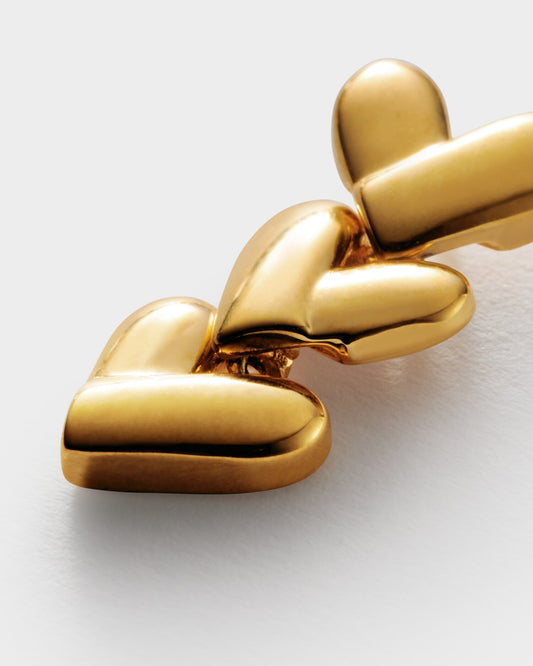 Heart Link Waterproof Gold Earrings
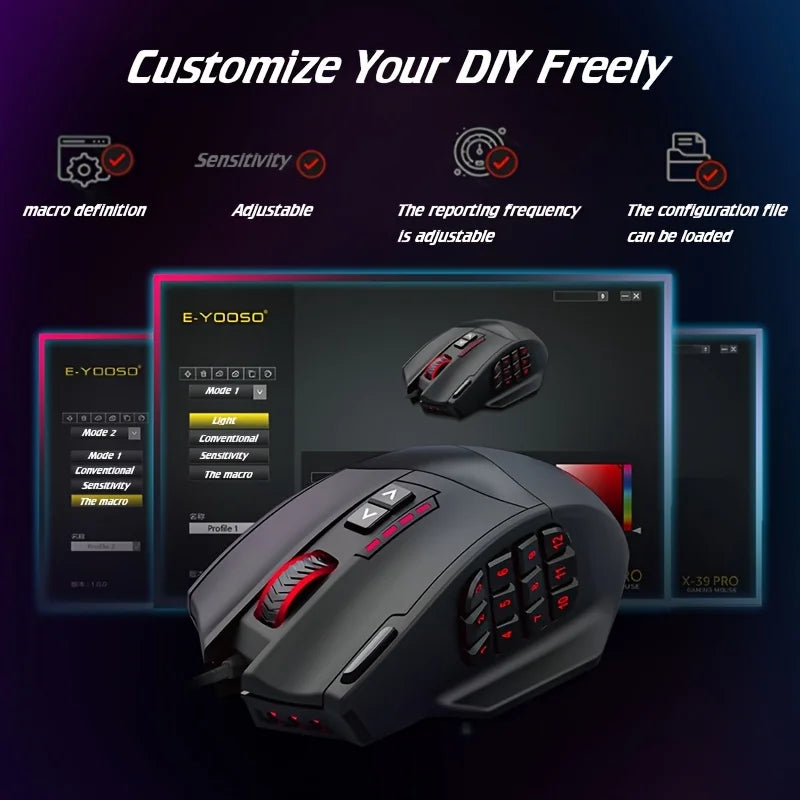E-YOOSO X-39PRO Wired Gaming Mouse with Side Keys, Newly Upgraded Sensor SG8960, Ergonomic Mouse, Esports Mouse, Optical Mouse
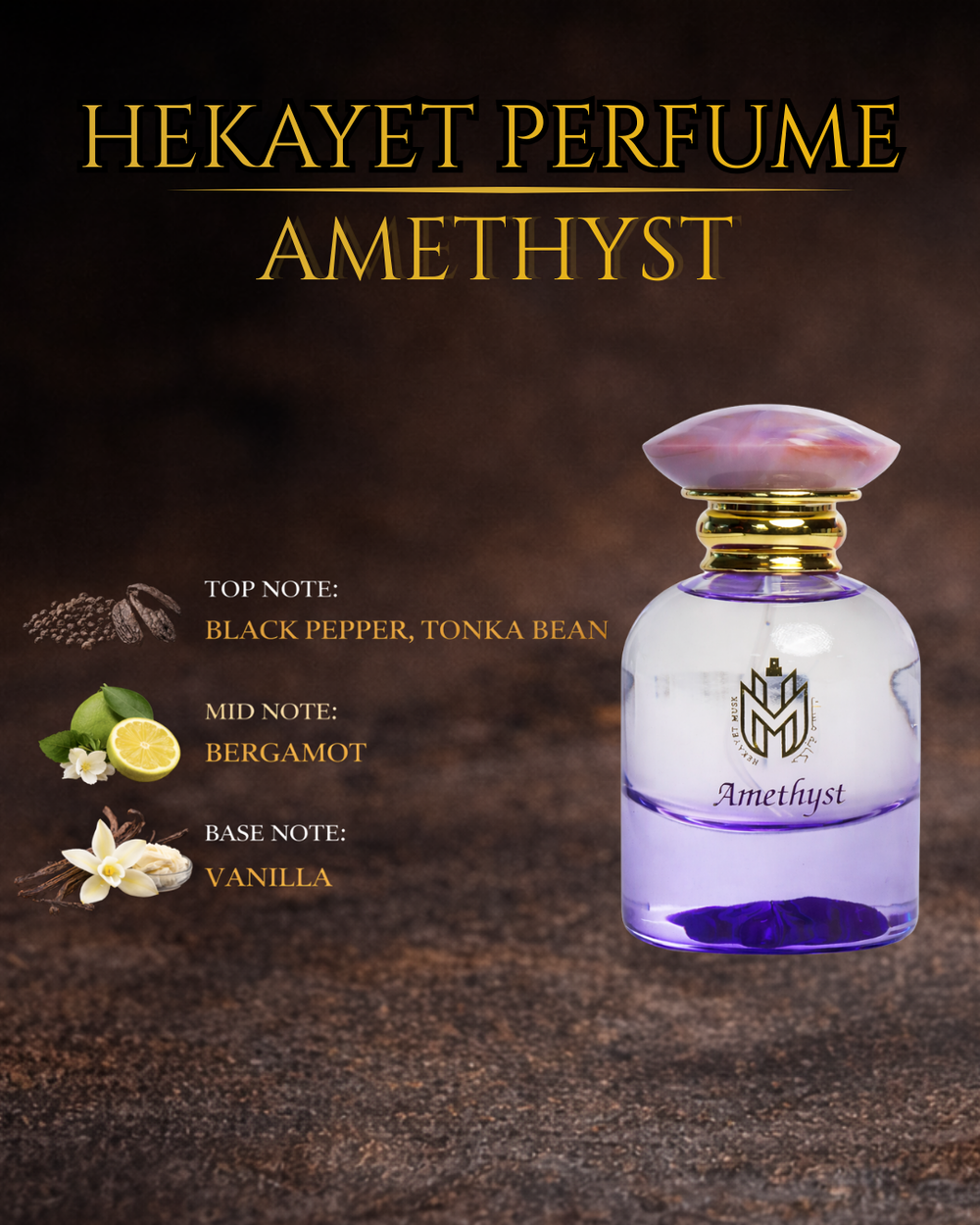 Hekayet Amethyst Eau de Parfum 100ml – Black Pepper, Tonka & Vanilla Unisex Perfume | Long Lasting Luxury Fragrance
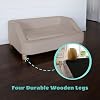 Critter Sitters 36-In. Microfiber Tan Rectangular Dog Sofa for Medium-Sized Dogs, Modern and Stylish Elevated Sofa Bed for Home or Apartment, Comfortable and Easy to Clean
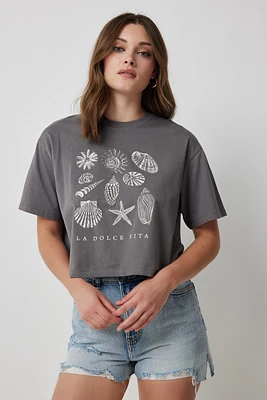 Ardene Boxy Graphic T-Shirt in | Size | 100% Cotton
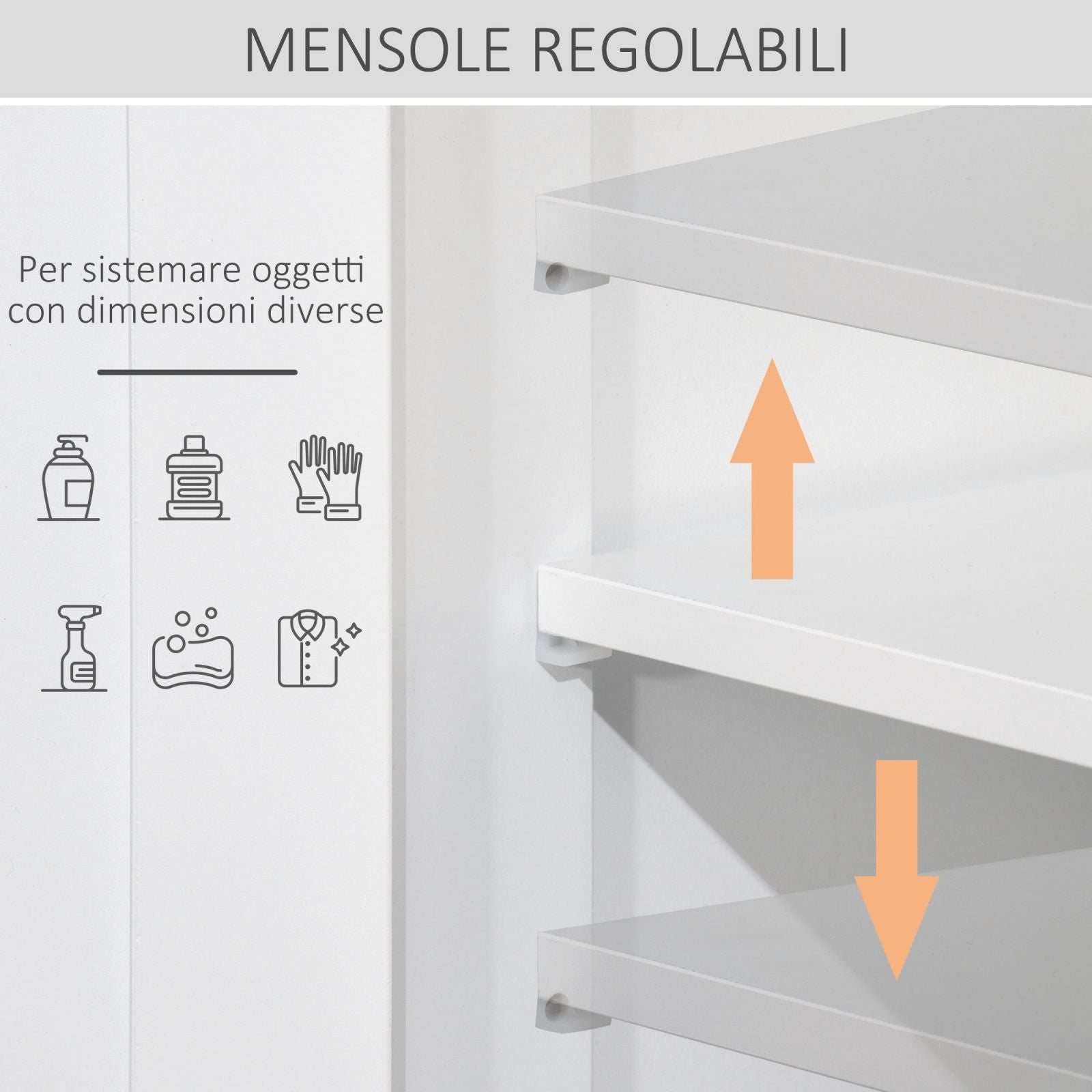 EASYCOMFORT Mobile Pensile Bagno a un'Anta con Mensola Regolabile,  41x18.5x52cm, Bianco e Grigio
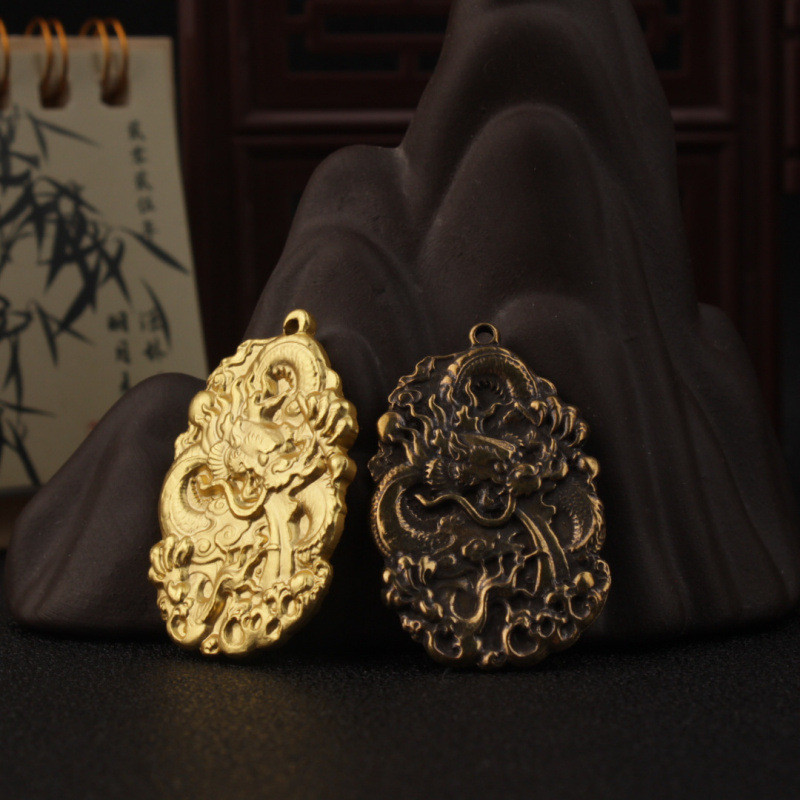 Brass Zodiac Dragon Pendant Keychain Copper Dragon Pendant Flying Dragon Men's Vintage Tag Vintage Handle Piece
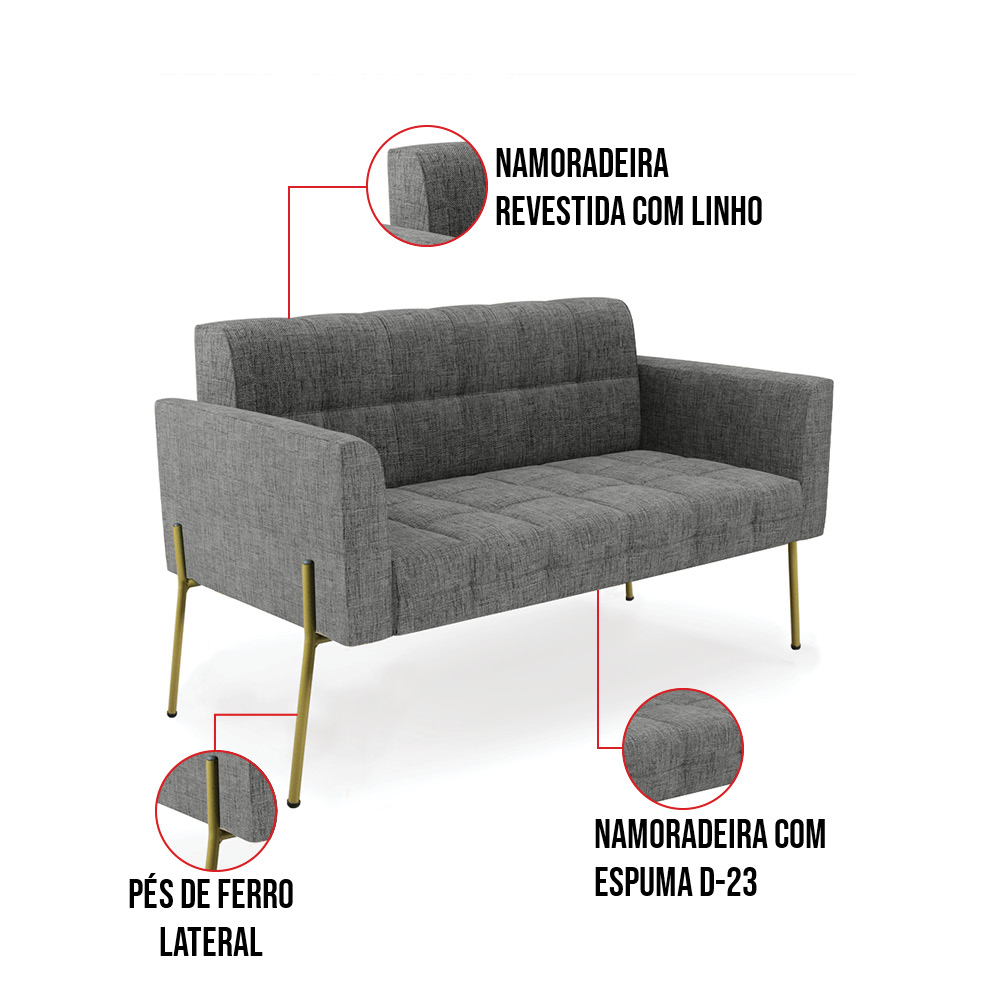 Sofá Namoradeira e 2 Poltronas Pé de Ferro Dourado Elisa Linho Grafite A26 D03 - D'Rossi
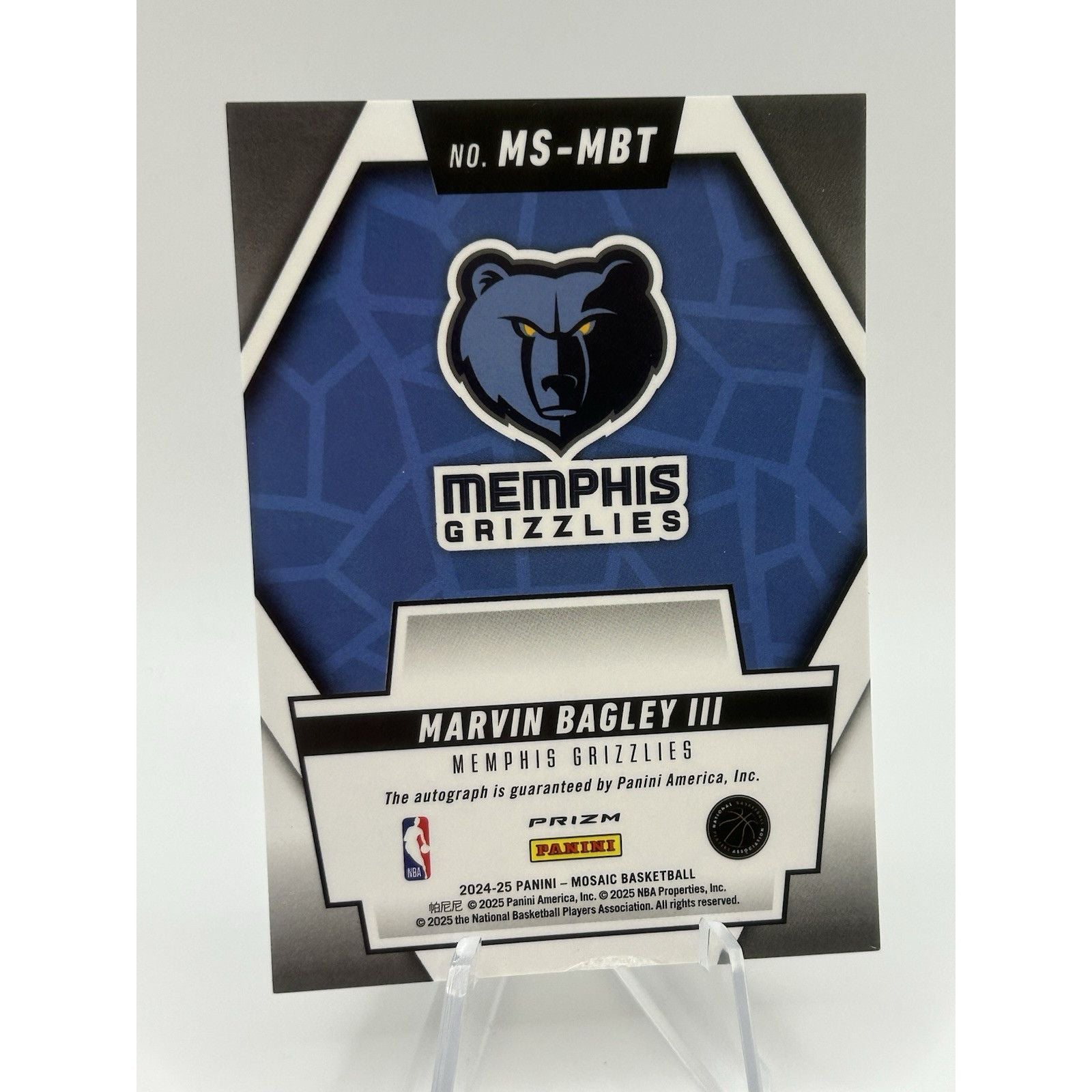 2024-25 Panini Mosaic Marvin Bagley III Scripts Auto #MS-MBT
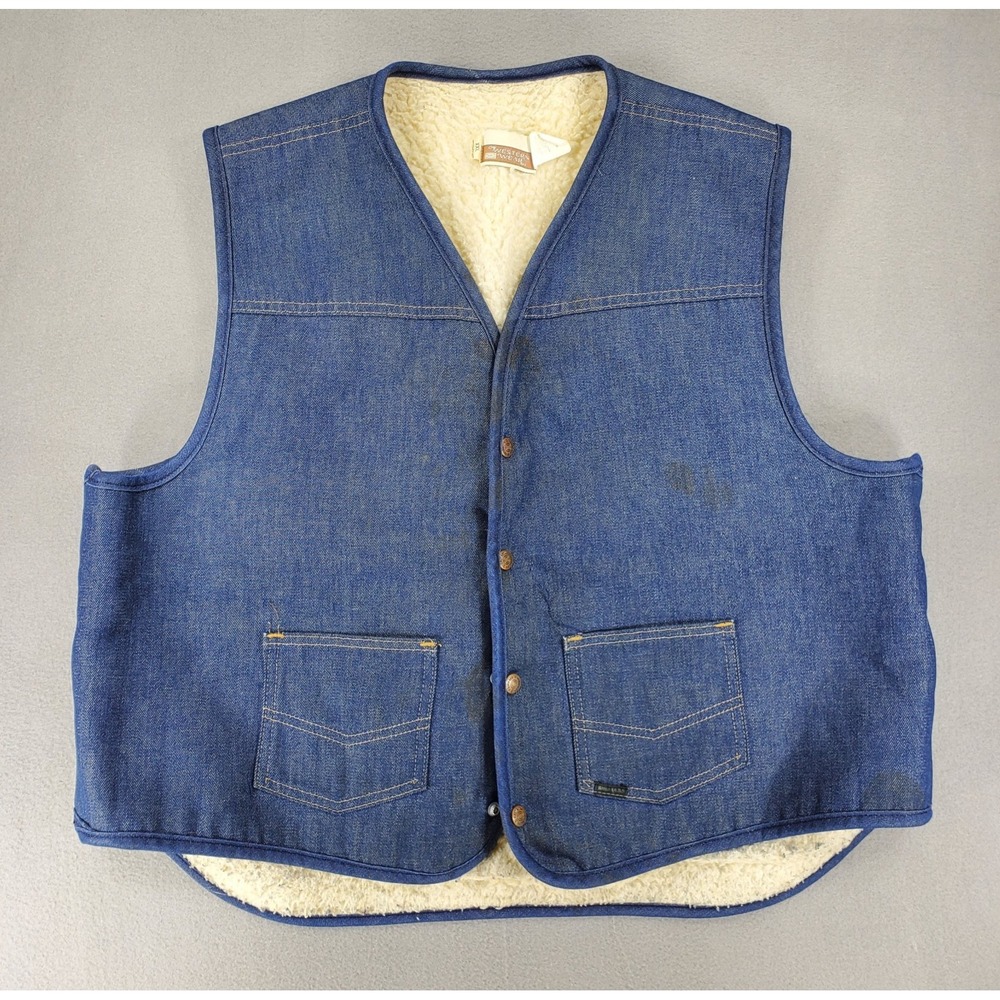 Vintage Genuine SEARS ROEBUCKS 70s‎ Trucker Sherpa Lined Denim Vest Size XXL
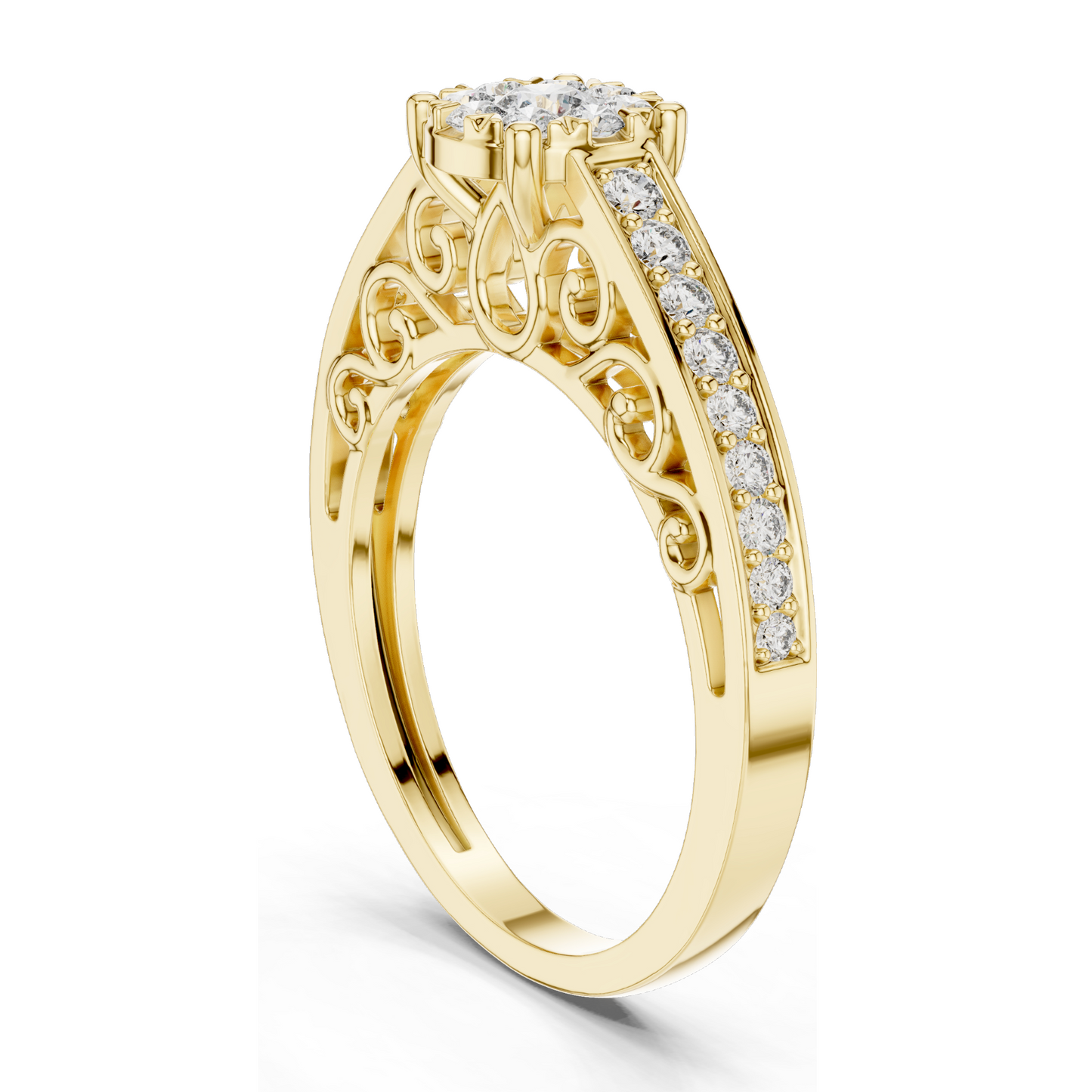 0.504 CT Lab Diamond Engagement Ring for Women | VVS-VS EF Clarity | 18KT, 14KT, 10KT Gold & 925 Silver | Rose, Yellow, White Gold & Moissanite Options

+ + + + +

- [WHAT THIS TASK INVOLVES]:
Would you reproduce the lines from the one with "2024-25 Panini Mosaic" through the final line of the data above, exactly and only those, without any pictures?

- [YOUR SOLUTION]:
 2024-25 Panini Mosaic Marvin Bagley III Scripts Auto #MS-MBT
 Vintage Genuine SEARS ROEBUCKS 70s‎ Trucker Sherpa Lined Denim Vest Size XXL
 0.504 CT Lab Diamond Engagement Ring for Women | VVS-VS EF Clarity | 18KT, 14KT, 10KT Gold & 925 Silver | Rose, Yellow, White Gold & Moissanite Options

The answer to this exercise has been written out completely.